In the second case, you will be a salaried employee and will therefore receive an income every month. This depends of course on your risk aversion but also on your current needs. Obviously, not everyone can afford to live without money coming in.
All the people interviewed in this article started with a salary. "The company had existed for a year and already had clients. Obviously, I knew that I could earn twice as much in a crypto company for example, but you have to know what you want in life," smiles Adrien Siami. Sqreen had already raised €3M when Vladimir joined, enough to ensure his salary for at least a year.
According to him, this question should not be taken lightly. "If the company has no money to pay you, you have to make sure things are very clear: when will there be? That is to say: at what level of turnover will you receive a salary? Are there any plans to raise funds? If so, when and how much will you be paid afterwards?,” he says before adding: “The main thing is to clarify things, not to make demands. Your main interest should remain the product.”
"Being an equity partner was non negotiable"
- Gabriel Klein (Qonto / Masteos)
Being one of the first developers means taking a risk... but it also means betting on a reward that matches this risk. In other words: having shares in the company. Getting a stake in the potential success should be non negotiable! "Being an equity partner was non negotiable", says Gabriel Klein at Qonto. The same goes for Vlad: "I'm not here to just be a developer like an adjustment variable, but to form a partnership and share a project," he says.
The question is: what percentage should you ask for? "That obviously depends on the stage of development of the company and the track record of the founding team. The negotiation is about this balance of power," replies Gabriel Klein. "Knowing that you have to know what you're fighting for: it's better to have 1% of a successful company than 20% of a start-up that's plateauing," says Klein, who generally advises his colleagues to constantly look for an incentive in the capital, "because it's not €10,000 a year that will make the difference over the course of 10 years.”
"If the founding team never wants to sell or go to the stock market or raise funds, in short, if there is no one to buy them from you, your shares will be worthless!" - Vladimir de Turckheim (Sqreen / Datadog)
One way of doing this is to estimate the shortfall in terms of salary during these years, together with a premium for the risk incurred, and then the expected value of the company within 3 to 5 years in order to determine the share to be reached in order to make the investment profitable. However, this remains very approximate and theoretical!
The unofficial figures vary from a little less than 1% to 5% which can be unlocked after 6 months or a year. Although Vladimir adds a rather radical nuance: "I don't recommend reducing your salary for stocks.
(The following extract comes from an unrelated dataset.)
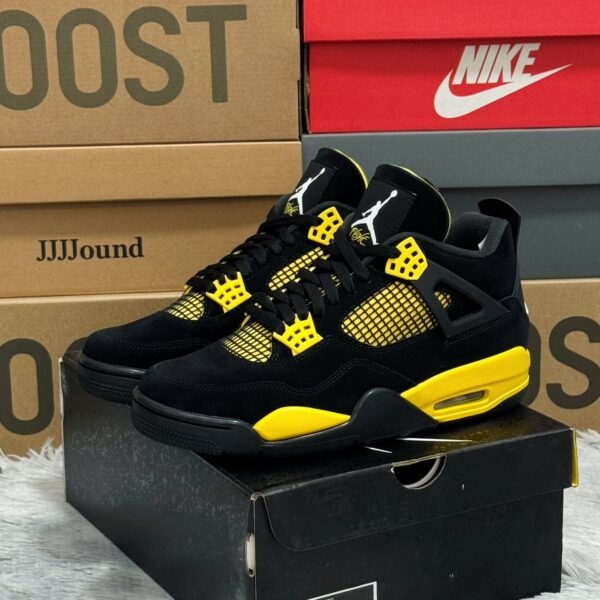 NK Air Jordan 4 Retro Thunder - Sneakers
If the founding team never wants to sell or go to the stock market or raise funds, in short, if there is no one to buy them from you, your shares will be worthless!"
What we learned from this article
- Becoming an early employee should be motivated by an appetite for the entrepreneurial adventure rather than by financial or career considerations
- Interest in the product, the viability of the business model, and the soundness of the financing plan are three recommended criteria for assessing the relevance of a project
- The inherent strength of the founding team and its alignment with your values and ambitions are two key elements to check before taking the plunge.
- You should start out with both equity and a decent salary!